Creating a landing folder
Create a folder where all the new files extracted from the SAP system will be located and set the correct permissions for this folder.
- Go to your ADLS resource Data explorer and click New Folder in the desired location.
2. In the new folder, click Access and add access to the application registered in the previous section.
Tenant
Tenant is an unique identifier of your organization. For the authentication of your organization, you should obtain the value of the tenant by following these steps:
- Go to Azure Active Directory > App Registrations > Endpoints
2. Copy the OAUTH 2.0 AUTHORIZATION ENDPOINT and extract its ID part. (For example: https://login.microsoftonline.com/6fdc3117-ec29-4d73-8b33-028c513372/oauth2/authorize).
SAP system configuration
After preparation is complete on the Azure side, fill in the required information on the SAP side to establish a connection.
STRUST
The root certificate authority of Microsoft needs to be loaded via transaction STRUST to enable a secure SSL connection.
- With the help of your internet browser, copy the CA public certificate into a file, as shown in the figure below.
2. In STRUST, import this certificate into SSL Client (Anonymous) PSE.
3. Go to the transaction SMICM and restart the ICM services as shown on the figure.
RFCs
To successfully establish a connection to ADLS create two RFCs in SM59.
- Start with the creation of an RFC of the type G for Microsoft Active directory with Target Host set to: login.microsoftonline.com.

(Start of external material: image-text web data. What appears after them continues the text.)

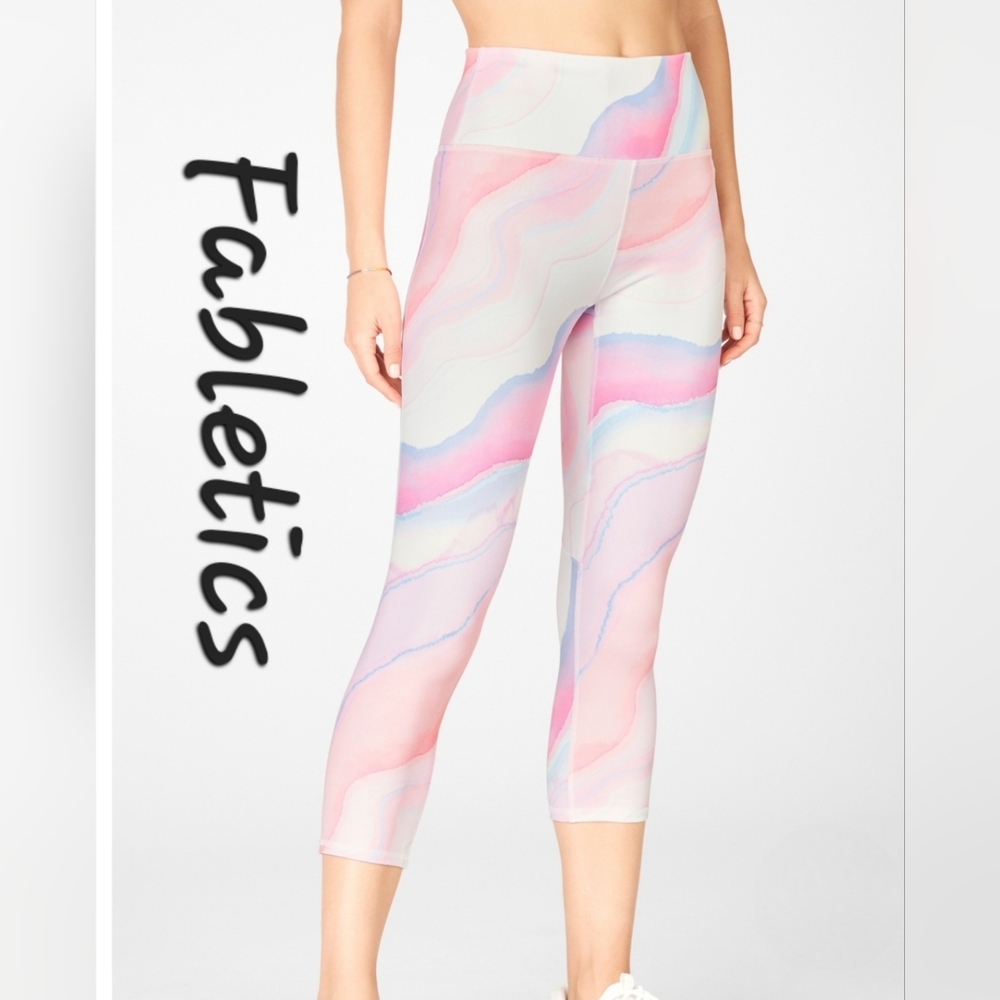 Fabletics Powerhold Define High-Waisted Crop Leggings Spectrum Print Sz M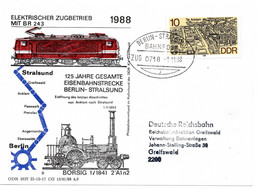 62400 - DDR - 1988 - 10Pfg Anklam EF A SoKte BahnpostStpl BERLIN-STRALSUND -> Greifswald - Trenes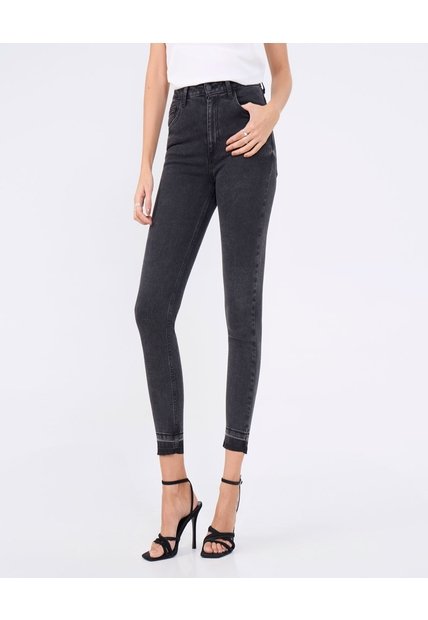Jeans Skinny Con Desgastes  Para Mujer Negro Ostu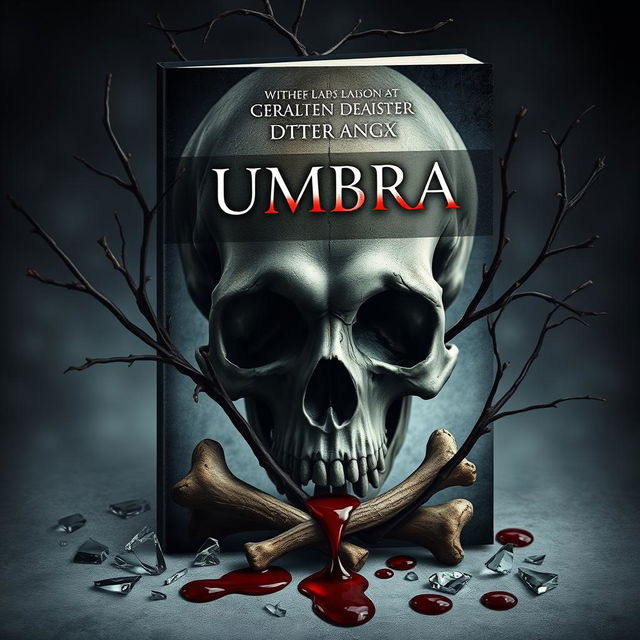 A captivating cover for the book titled 'UMBRA', featuring a prominent skull in the background that creates a mysterious and ominous atmosphere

This RFC represents a connection to the authority server that grants an authentication token for ADLS.
Set SSL to "Active" and Certificate list to "ANONYM SSL Client (Anonymous)".
2. Create RFC type G for Microsoft Data lake. Set Target Host to your ADLS address (e.g. clazuhdi02.azuredatalakestore.net) and Path Prefix to /webhdfs/v1/<Path to landing folder>. Set SSL to "Active" and Certificate list to "ANONYM".
Authentication profile
The authentication profile contains login information, which you should create in the table /DVD/OAUTH_CONF.
OAUTH_PROFILE you may choose any value to identify a profile used for the authentication
CLIENT_ID is an Application ID created in the section Creating Application Registration
CLIENT_SECRET is a key created in the section Creating Application Registration. It can be hashed by the report /DVD/XOR_GEN.
GRANT_TYPE is the fixed value "client_credentials"
RESOURCE is the fixed value "https://datalake.azure.net/"
TENANT is an identifier described in the section Tenant
URL is left blank
Linking authentication profile
The next step is to link the authentication profile with RFCs created in the table /DVD/HDP_AUT_OA2.
Setting the authentication method
The authentication method needs to be set to OAUTH2.0 in the table /DVD/HDP_CUS_C
Creating storage in Datavard Storage Management
After the configuration is complete, you need to define storage that serves as a target for the extraction.
- Go to the transaction /DVD/SM_SETUP.
- Go to Edit Mode and Click New Storage.
- Create new storage of the type HADOOP and fill the RFC destination.